反対に、年間利用額が300万円前後で、POWER LOUNGE PREMIUMやダイニングキャッシュバックをほぼ使わない場合は、値上げによる負担を感じやすくなります。
| 利用スタイル | 改定後との相性 | 主な理由 |
|---|---|---|
| 年間400万円以上利用 | 良い | 15,000マイルを獲得可能 |
| 年間300万円前後 | 悪い | 旧SKY コイン特典を失う |
| 羽田のANA国際線を頻繁に利用 | 良い | POWER LOUNGE PREMIUM回数無制限 |
| 対象レストランを利用 | 良い | 年間最大2万円キャッシュバック |
| 家族カード複数枚 | 悪い | 家族カードごとに4,400円値上げ |
私は、年間利用額と実際に使える特典を金額に置き換えてから、42,900円を払う価値があるか判断する方法が分かりやすいと考えています。
まとめ:ANAアメックスゴールドの改悪・変更内容


2026年9月のANAアメックスゴールドのリニューアルでは、年会費が34,100円から42,900円へ8,800円値上げされます。
家族カードも17,050円から21,450円へ値上げされるため、家族で複数枚保有している方ほど影響が大きくなります。
また、年間300万円利用で10,000 SKY コインを獲得できた制度は2026年12月31日に終了し、2027年から年間400万円利用で15,000マイルを獲得する利用ボーナスマイルへ切り替わります。
そのため、年間300万円前後の利用者にとっては改悪の側面が大きくなります。
一方、年間400万円以上利用できる方には15,000マイルが追加され、羽田空港第2ターミナルのPOWER LOUNGE PREMIUMも回数制限なく利用できます。
| 今回の変更 | 内容 |
|---|---|
| 年会費 | 34,100円→42,900円 |
| 家族カード | 17,050円→21,450円 |
| 旧年間利用特典 | 300万円で10,000 SKY コイン |
| 新年間利用特典 | 400万円で15,000マイル |
| POWER LOUNGE PREMIUM | 回数無制限・同伴者1名無料 |
| ダイニング | 20%キャッシュバック・年間最大2万円 |
| プライオリティ・パス | 年間2回無料を継続 |
| ANA航空券 | 100円=合計3マイル相当を継続 |
| 継続ボーナス | 2,000マイルを継続 |
| ポイント有効期限 | 無期限を継続 |
年間400万円以上を利用するかどうかが、リニューアル後のANAアメックスゴールドを評価する大きな分岐点になります。
利用金額のアップに年会費のアップと金額面に目がいくので、実質的に改悪といってもいいのかなと思います。

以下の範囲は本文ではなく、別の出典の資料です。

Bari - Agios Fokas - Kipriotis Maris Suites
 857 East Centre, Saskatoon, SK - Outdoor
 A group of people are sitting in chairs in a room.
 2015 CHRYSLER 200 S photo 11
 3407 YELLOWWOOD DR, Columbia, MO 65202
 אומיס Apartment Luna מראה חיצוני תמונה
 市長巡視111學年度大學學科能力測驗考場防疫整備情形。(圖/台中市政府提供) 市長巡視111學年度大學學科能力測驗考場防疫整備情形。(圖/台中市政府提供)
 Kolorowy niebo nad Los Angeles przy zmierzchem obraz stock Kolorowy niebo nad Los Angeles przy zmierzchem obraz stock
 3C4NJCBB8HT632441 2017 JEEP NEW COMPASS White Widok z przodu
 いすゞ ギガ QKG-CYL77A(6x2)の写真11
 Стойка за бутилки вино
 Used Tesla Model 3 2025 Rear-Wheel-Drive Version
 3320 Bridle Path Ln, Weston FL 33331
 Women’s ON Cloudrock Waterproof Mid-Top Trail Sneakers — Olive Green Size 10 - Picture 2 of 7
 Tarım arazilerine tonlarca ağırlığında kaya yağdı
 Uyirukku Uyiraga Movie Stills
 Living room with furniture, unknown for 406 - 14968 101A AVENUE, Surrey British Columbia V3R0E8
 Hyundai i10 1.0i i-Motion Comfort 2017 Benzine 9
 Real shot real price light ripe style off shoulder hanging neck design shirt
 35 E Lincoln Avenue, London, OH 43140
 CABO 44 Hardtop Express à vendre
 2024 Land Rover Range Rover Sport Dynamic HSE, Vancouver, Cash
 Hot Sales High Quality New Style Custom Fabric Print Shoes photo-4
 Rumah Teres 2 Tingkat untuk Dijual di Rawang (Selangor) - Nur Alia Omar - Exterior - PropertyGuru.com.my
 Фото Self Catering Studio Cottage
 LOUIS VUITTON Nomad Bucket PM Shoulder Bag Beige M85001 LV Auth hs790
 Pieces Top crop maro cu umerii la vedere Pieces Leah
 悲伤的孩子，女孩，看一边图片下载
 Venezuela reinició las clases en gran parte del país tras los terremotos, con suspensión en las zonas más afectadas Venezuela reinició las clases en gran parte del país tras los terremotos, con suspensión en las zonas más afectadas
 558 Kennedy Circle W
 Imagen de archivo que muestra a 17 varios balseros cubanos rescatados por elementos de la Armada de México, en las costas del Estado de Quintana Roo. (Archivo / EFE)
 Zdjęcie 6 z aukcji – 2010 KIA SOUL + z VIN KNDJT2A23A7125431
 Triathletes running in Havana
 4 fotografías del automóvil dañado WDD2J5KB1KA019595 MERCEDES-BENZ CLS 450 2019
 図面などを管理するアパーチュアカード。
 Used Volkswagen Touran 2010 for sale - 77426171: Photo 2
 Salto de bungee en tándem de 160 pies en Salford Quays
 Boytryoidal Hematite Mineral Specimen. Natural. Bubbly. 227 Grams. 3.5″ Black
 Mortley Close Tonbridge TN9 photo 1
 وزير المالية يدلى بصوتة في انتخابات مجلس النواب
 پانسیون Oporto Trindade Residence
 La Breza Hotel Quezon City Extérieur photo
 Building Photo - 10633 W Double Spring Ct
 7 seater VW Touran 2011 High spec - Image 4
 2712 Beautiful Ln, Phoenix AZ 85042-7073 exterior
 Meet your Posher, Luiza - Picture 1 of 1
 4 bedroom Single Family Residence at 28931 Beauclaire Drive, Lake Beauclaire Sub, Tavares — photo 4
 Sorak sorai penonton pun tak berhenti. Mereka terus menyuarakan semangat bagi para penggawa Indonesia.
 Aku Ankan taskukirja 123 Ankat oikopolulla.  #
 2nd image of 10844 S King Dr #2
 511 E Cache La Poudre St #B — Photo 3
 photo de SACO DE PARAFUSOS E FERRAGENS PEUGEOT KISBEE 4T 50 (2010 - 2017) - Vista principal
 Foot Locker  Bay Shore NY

私もANAアメックスゴールドは持ってますが、今回の仕様変更は解約を検討しようと思ってます。
理由は、私の場合ANAアメックスゴールドで年間400万円使うよりも他のカードを使った方がお得だからです。
ここで無理して400万円使って、さらに年会費のアップは受け入れられないです。
乗り換えを検討するなら、ANAアメックスの一般カードに一時的にダウングレードも良いと思いますが、私ならANA JCBワイドゴールドカードが良いと思います。
年会費も安価で、保険サービスなどアメックスと比較しても良いです。
入会キャンペーンも8月末まで良いので、検討材料にしてみてはいかがでしょうか。


アメックスブランドを持つならアメックスゴールドプリファードは年会費39,600円で家族カード2枚まで無料です。
ANAの特典は弱くなりますが、全体的に見たら使いやすい特典が多いです。